We talk a lot about the value of local. We eat local. We buy local. And we know how important it is to recruit locally. What are the best ways to leverage the presence of local volunteers?
Reaching out to community organizations is essential to both enlisting enough volunteers and incorporating your event into the hosting community. Schools often have incentives for students to pursue volunteer opportunities. Certain sororities and fraternities have service built into their bylaws. Service-minded organizations such as Kiwanis, Rotary Club, and Lions Club focus on community improvement and have great potential to partner with you.
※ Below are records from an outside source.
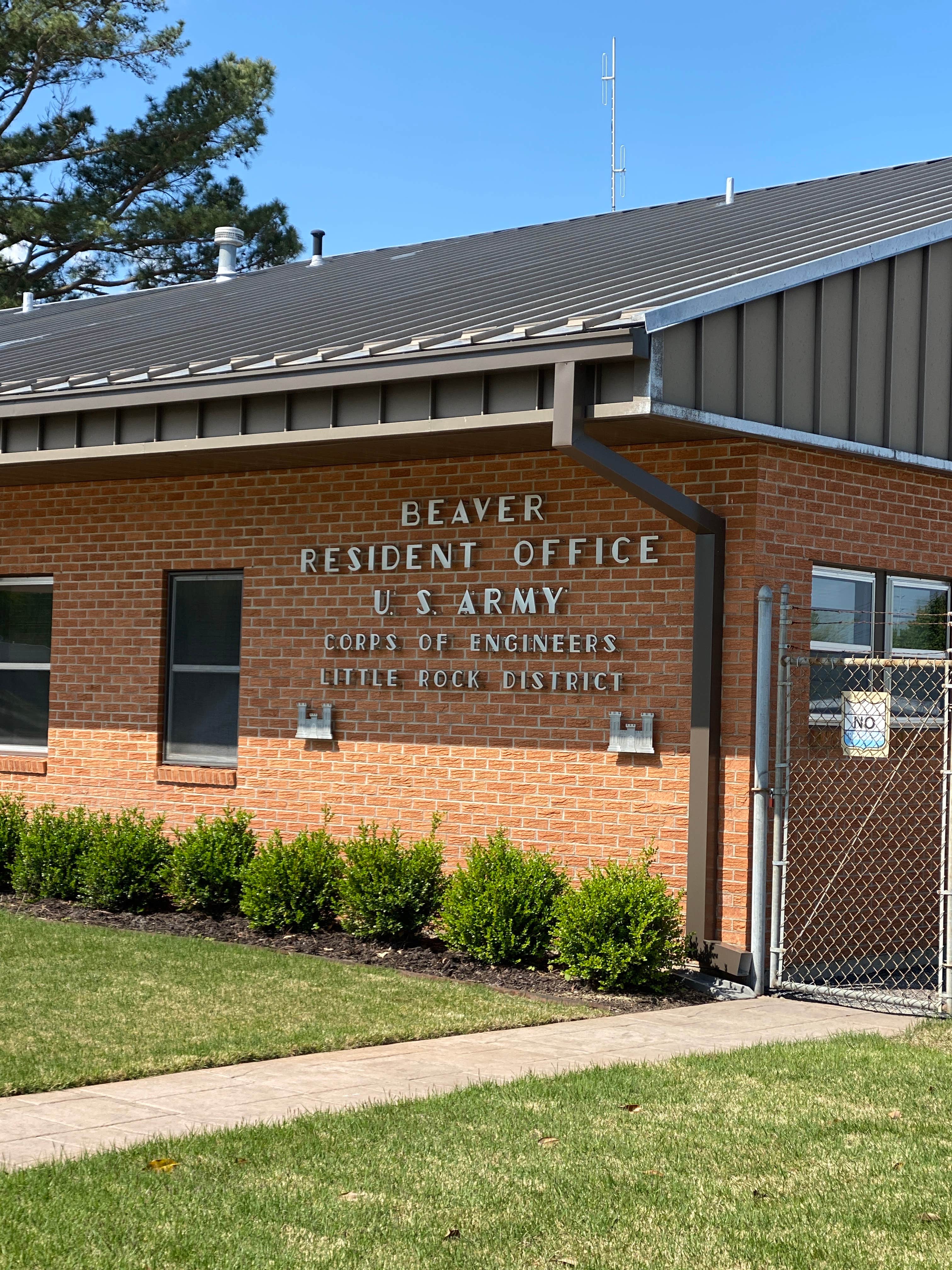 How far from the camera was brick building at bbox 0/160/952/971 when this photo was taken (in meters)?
9.30

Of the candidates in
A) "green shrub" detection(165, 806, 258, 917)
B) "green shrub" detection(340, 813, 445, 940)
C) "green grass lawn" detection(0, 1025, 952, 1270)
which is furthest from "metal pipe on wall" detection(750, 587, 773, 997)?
"green shrub" detection(165, 806, 258, 917)

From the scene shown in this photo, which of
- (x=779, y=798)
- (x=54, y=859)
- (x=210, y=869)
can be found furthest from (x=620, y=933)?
(x=54, y=859)

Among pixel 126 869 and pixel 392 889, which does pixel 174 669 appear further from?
pixel 392 889

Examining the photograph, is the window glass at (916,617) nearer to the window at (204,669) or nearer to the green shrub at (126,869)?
the window at (204,669)

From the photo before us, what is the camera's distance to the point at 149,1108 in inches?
250

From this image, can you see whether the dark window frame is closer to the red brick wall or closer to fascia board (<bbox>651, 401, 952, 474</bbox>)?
the red brick wall

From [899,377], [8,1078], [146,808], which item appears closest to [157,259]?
[146,808]

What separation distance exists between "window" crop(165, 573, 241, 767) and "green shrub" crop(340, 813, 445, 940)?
230 centimetres

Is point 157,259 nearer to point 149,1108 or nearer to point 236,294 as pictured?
point 236,294

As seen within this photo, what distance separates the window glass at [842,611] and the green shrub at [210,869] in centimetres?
431

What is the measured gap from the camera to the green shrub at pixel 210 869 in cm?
1138

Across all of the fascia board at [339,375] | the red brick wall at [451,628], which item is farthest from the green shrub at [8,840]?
the fascia board at [339,375]

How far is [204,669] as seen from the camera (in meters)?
12.7

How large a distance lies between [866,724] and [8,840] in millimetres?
6880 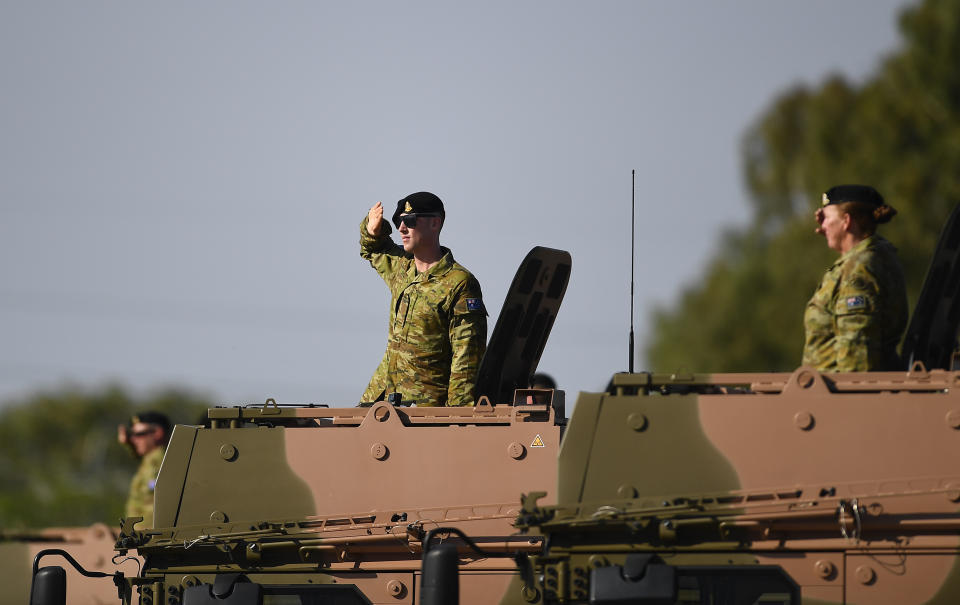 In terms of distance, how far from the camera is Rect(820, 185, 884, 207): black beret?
889 centimetres

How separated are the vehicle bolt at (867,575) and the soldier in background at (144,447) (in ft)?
30.8

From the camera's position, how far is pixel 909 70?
28.8 meters

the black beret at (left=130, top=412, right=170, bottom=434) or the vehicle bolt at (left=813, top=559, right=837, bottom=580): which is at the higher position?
the black beret at (left=130, top=412, right=170, bottom=434)

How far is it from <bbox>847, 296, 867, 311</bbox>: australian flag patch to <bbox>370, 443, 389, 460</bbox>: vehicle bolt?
8.62 feet

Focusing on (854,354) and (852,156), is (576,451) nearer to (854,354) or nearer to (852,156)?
(854,354)

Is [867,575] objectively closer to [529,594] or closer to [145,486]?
[529,594]

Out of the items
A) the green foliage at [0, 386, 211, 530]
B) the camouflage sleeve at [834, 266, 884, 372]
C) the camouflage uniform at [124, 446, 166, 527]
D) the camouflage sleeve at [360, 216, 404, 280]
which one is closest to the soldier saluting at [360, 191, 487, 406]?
the camouflage sleeve at [360, 216, 404, 280]

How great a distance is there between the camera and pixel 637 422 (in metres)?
7.83

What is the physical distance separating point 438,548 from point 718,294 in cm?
2958

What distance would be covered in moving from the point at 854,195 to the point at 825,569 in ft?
7.80

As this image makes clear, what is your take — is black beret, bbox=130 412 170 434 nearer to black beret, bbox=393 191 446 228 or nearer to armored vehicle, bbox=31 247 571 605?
black beret, bbox=393 191 446 228

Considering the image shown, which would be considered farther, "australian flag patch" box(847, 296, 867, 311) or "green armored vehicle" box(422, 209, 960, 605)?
"australian flag patch" box(847, 296, 867, 311)

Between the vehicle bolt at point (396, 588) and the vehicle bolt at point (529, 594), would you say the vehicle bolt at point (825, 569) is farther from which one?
the vehicle bolt at point (396, 588)

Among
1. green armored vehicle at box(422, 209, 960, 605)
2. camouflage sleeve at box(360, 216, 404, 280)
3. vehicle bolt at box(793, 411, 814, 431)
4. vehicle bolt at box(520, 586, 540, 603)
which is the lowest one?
vehicle bolt at box(520, 586, 540, 603) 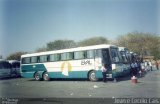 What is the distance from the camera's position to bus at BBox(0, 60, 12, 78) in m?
31.8

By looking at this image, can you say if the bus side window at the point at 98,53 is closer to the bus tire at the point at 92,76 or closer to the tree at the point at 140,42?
the bus tire at the point at 92,76

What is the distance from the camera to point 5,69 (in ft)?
106

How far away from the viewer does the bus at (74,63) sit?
20.0 m

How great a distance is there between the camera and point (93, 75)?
20.7 meters

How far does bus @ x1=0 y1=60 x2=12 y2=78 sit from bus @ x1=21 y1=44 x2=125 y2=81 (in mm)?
6770

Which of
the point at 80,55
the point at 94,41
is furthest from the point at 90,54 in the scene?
the point at 94,41

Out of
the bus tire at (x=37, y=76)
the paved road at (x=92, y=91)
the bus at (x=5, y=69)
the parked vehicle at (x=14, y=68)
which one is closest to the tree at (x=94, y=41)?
the parked vehicle at (x=14, y=68)

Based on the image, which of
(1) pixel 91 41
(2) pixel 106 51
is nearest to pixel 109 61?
(2) pixel 106 51

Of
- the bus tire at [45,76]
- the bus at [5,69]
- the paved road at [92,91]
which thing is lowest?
the paved road at [92,91]

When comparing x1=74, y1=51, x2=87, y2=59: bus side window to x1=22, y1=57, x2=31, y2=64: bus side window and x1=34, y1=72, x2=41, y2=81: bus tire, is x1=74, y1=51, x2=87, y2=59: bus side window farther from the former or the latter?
x1=22, y1=57, x2=31, y2=64: bus side window

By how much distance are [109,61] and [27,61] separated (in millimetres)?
9240

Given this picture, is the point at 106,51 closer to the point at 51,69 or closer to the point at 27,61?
the point at 51,69

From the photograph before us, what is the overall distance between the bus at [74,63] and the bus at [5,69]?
6.77 meters

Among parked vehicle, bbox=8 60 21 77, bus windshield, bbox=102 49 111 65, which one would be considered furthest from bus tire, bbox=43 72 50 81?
parked vehicle, bbox=8 60 21 77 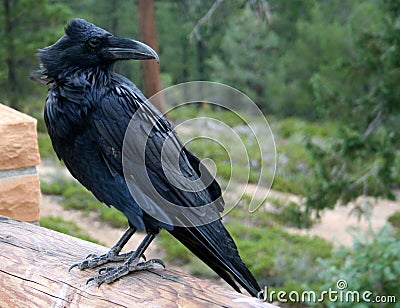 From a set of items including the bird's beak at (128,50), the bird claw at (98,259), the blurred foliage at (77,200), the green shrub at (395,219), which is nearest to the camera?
the bird's beak at (128,50)

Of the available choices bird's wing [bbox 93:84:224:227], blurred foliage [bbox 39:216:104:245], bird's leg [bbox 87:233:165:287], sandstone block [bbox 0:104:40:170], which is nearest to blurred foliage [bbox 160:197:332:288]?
blurred foliage [bbox 39:216:104:245]

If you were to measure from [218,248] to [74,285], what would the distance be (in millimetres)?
484

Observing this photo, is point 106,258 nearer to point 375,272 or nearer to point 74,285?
point 74,285

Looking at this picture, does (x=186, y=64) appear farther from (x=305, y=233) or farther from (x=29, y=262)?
(x=29, y=262)

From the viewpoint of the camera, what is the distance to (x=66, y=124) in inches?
72.0

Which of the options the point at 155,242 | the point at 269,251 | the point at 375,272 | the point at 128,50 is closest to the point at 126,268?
the point at 128,50

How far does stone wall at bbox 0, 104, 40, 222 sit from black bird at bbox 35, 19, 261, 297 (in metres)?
0.74

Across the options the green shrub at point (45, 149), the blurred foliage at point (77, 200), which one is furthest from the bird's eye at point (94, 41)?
the green shrub at point (45, 149)

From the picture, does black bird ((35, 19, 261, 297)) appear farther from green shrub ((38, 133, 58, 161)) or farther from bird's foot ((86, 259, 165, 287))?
green shrub ((38, 133, 58, 161))

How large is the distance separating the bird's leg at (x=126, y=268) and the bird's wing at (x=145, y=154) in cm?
18

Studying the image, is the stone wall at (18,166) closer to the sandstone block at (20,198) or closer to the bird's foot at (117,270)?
the sandstone block at (20,198)

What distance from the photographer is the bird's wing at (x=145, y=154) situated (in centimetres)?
183

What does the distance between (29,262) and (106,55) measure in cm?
77

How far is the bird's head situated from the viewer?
5.98 ft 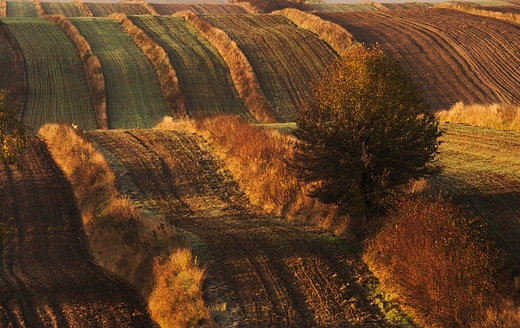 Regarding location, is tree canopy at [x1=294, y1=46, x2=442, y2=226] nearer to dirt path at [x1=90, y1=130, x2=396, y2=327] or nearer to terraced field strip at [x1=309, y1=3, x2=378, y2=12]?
dirt path at [x1=90, y1=130, x2=396, y2=327]

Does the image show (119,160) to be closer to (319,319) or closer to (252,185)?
(252,185)

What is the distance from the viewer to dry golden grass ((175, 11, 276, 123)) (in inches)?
1863

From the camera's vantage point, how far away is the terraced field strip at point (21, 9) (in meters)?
86.1

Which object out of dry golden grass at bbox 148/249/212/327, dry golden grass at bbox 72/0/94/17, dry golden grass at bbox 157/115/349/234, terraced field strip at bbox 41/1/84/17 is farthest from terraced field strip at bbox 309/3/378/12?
dry golden grass at bbox 148/249/212/327

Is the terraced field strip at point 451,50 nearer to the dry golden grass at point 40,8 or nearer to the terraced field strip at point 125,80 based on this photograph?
the terraced field strip at point 125,80

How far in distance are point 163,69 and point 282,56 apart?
9.11 m

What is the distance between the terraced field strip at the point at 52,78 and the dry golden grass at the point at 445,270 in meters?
30.9

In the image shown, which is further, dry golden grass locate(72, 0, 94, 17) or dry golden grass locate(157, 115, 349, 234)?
dry golden grass locate(72, 0, 94, 17)

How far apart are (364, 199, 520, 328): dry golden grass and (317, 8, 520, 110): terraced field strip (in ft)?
102

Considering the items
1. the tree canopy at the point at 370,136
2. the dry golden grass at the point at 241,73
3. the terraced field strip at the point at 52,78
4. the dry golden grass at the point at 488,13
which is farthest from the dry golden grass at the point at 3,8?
the tree canopy at the point at 370,136

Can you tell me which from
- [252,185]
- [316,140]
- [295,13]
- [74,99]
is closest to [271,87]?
[74,99]

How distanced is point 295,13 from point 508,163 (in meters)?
45.4

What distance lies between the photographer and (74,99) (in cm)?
4997

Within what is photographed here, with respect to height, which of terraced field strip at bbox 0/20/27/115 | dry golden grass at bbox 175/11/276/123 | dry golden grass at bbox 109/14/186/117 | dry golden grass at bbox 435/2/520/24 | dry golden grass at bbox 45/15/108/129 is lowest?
terraced field strip at bbox 0/20/27/115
By recruiting from a variety of entities, your volunteer base grows in diversity and gives you an effective snapshot of the city, suburb, or neighborhood you’re planning to reach. Each individual offers a unique understanding of the local context and can provide insight as to how to successfully tailor your event to the event location. Now let’s make the most of it!
1. Give Some Form
Before asking your volunteers about event details, gather as a staff to decide the aspects of your event that are most core to your mission and vision. You know your organization and its goals the best! List the qualities and methods that are central to who you are as an organization or to the event itself. These are your non-negotiables and therefore not up for discussion or debate with your volunteers. This may sound harsh, but by providing this structure before you talk with volunteers, the conversation remains focused and your volunteers better understand the overall goals of the event and organization.
2. Give Some Freedom
Now that your non-negotiables are in place, decide what is flexible! There is often a difference between “the way we’ve always done it” and “the way we should do it this time.” Your volunteers can help you bend and shift on these topics to maximize your overall effectiveness. Take a look at your logistical decisions, local marketing strategies, or any other areas that need to adapt to different locations, and bring in your volunteers! Utilize email surveys or plan volunteer forum opportunities. Identify key volunteers who seem most in-step with your work and invite them to planning meetings. It’s not wise to incorporate every idea, of course, but intentionally communicating with your volunteers helps you adapt to event locations and helps your volunteers invest in their work on a deeper level.
3. Get Some Feedback
While we strive to integrate great methods before the event, sometimes the best ideas come afterward. After an event, continue your volunteer communication to gather ways you succeeded and ways you can improve in the future. Keeping notes about what worked and what should be modified helps create an even better experience when you return and shows your volunteers that you’re listening!
Incorporating the voice of your volunteers may take patience and creativity, but the end result elevates your event from good to great.